BOSTON (AP) — A Martha’s Vineyard-based Indian tribe said yesterday it had gained federal approval to build a gambling facility on the island, though the state of Massachusetts has long contended that the tribe gave up its gaming rights in a land settlement.
The Wampanoag Tribe of Aquinnah, a federally-recognized tribe, issued a statement saying it planned to move ahead with converting an unfinished community center on tribal lands into a temporary Class II gambling facility. Such a facility could offer high-stakes electronic bingo or poker games and some types of slot machines, but not casino-style table games.
The tribe cited a legal opinion, dated Oct. 25, from Eric Shepard, the acting general counsel of the National Indian Gaming. Commission. In the letter, Shepard said the tribe’s lands on Martha’s Vineyard qualify for limited gambling under the federal law that governs tribal gaming and that the Aquinnah have sufficient legal jurisdiction over the lands.
“The Tribe has consistently asserted that we have the right to game on our lands in Aquinnah,” said Cheryl Andrews-Maltais, tribal chairwoman, in a written statement. “These approvals affirm our position. We are thrilled!”
Shepard did not return a message seeking comment.
Martha’s Vineyard, an island just south of Cape Cod that is accessible by ferry, is a popular summer tourist destination. President Barack Obama and his family have vacationed several times on the island, as did President Bill Clinton when he was in office.

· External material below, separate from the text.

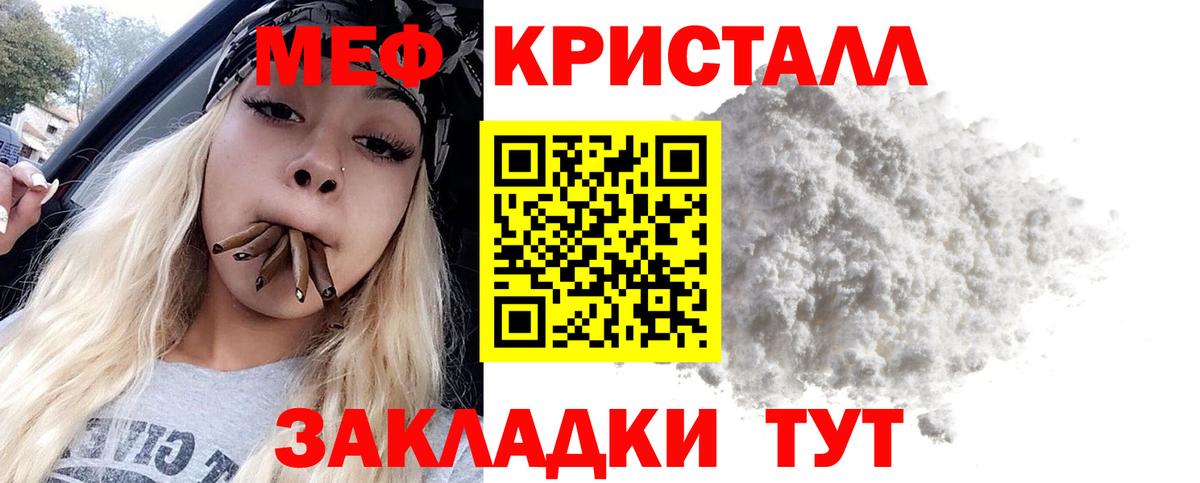 Шали  МЯУ-МЯУ кристаллы  Мефедрон  МЕФ  МЕФ мука  Вход с VPN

The tribe also said it would ask Gov. Deval Patrick’s administration to begin negotiations on a state compact that would allow the tribe to someday open a much larger Class III resort casino, either on the island or on lands taken into trust on the mainland. The state has refused to enter into such talks in the past, contending that the Aquinnah ceded gaming rights in a 1983 settlement that secured tribal lands.